This is what happens when Mesa gets a bad review

I've watched a shitton of Ola videos and I almost never see him apply post-EQ to his guitar tones, so maybe that's a subtle indicator of the tonal characteristics :lol:
 
It's most likely an indicator that most guitar player just need to be better to get better tone. And not worry so much about their equipment.

I'm a big Mesa fan but, yea, kinda awkward video!
 
It's most likely an indicator that most guitar player just need to be better to get better tone. And not worry so much about their equipment.


This aligns 100% with what I've found. The fact that technique has so much to do with the final guitar tone seems completely lost on most guitarists.
 
Everything demoed sounds terrible in these videos, just a case of poor finger tone, clumsy picking hand and dialing the same set of unpleasant frequencies (that may sound good in that particular room) ...

The only people I've heard do great demos are Ola and actual engineers on this & that forum, shops and normies always mess it up haha.
 
Everything demoed sounds terrible in these videos, just a case of poor finger tone, clumsy picking hand and dialing the same set of unpleasant frequencies (that may sound good in that particular room) ...

The only people I've heard do great demos are Ola and actual engineers on this & that forum, shops and normies always mess it up haha.

Does the fingers on the fretboard really make things sound different?
 
Does the fingers on the fretboard really make things sound different?

Yep, considering the way notes are fretted by different players. Not to mention pick/pick attack, where the string is plucked, where the palm rests and with what pressure during palm muting. It all adds up.
 
Yep, considering the way notes are fretted by different players. Not to mention pick/pick attack, where the string is plucked, where the palm rests and with what pressure during palm muting. It all adds up.

Do you mean just the actual fretting finger?

Some people say people with more or less "finger fat" makes different sounds...
 
Fretting fingers and picking hand. My other guitar player and I can play the same riff all day long and will never both sound the same.

Well, I actually made a test and fretting fingers makes NO difference.

Picking technique does make a difference tho. But saying different fingers sounds different is just not true. If paper, plastic and metal makes the same sound as a finger, different fingers (basically all the same material) just can't make a different. The tone stops at the fret, what happens behind, is not important.

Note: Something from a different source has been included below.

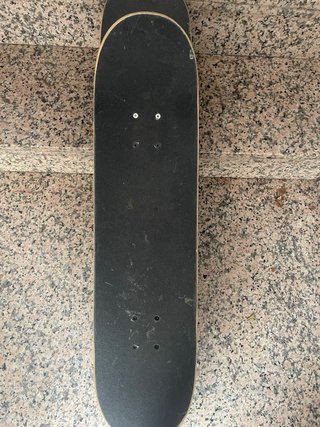 Skateboard con diseño geométrico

https://www.youtube.com/watch?v=7A7IoWqfNBo
 
The fingers dont make differece but it´s how people use them. There are a world of issues, especially when comes to intonation, it´s very easy to have chords out of tune if the fingers are not positioned correctly in the fretboard.
 
The fingers dont make differece but it´s how people use them. There are a world of issues, especially when comes to intonation, it´s very easy to have chords out of tune if the fingers are not positioned correctly in the fretboard.

That's all about playing technique, not tone ;)
 
That's all about playing technique, not tone ;)
Having bad technique though leads to a bad tone IMO.

Getting shit takes where the player is bending the strings out of tune, sloppy lead playing with half ass bends/ear piercing vibrato, player can't fret chords properly, bass player refusing to mute strings that aren't being played, all of this leads to a bad tone (mix).

Having good musicianship both arrangement and performance wise is pretty much where the majority of a good mix comes from.
 
That's all about playing technique, not tone ;)

It ALL contributes to the tonality of the instrument. I can play a riff multiple times and change the tonality by how the left hand is fretting the instrument. Is it a giant difference? Well, that depends on the part, but most likely unless the guy just can't play, it won't have has big of an impact. It's still something I pay very close attention to when producing a record because inconsistencies can build up over time and make a particular riff sound "wrong" in context.


Having bad technique though leads to a bad tone IMO.

Getting shit takes where the player is bending the strings out of tune, sloppy lead playing with half ass bends/ear piercing vibrato, player can't fret chords properly, bass player refusing to mute strings that aren't being played, all of this leads to a bad tone (mix).

Having good musicianship both arrangement and performance wise is pretty much where the majority of a good mix comes from.


Also all of this, especially the last part.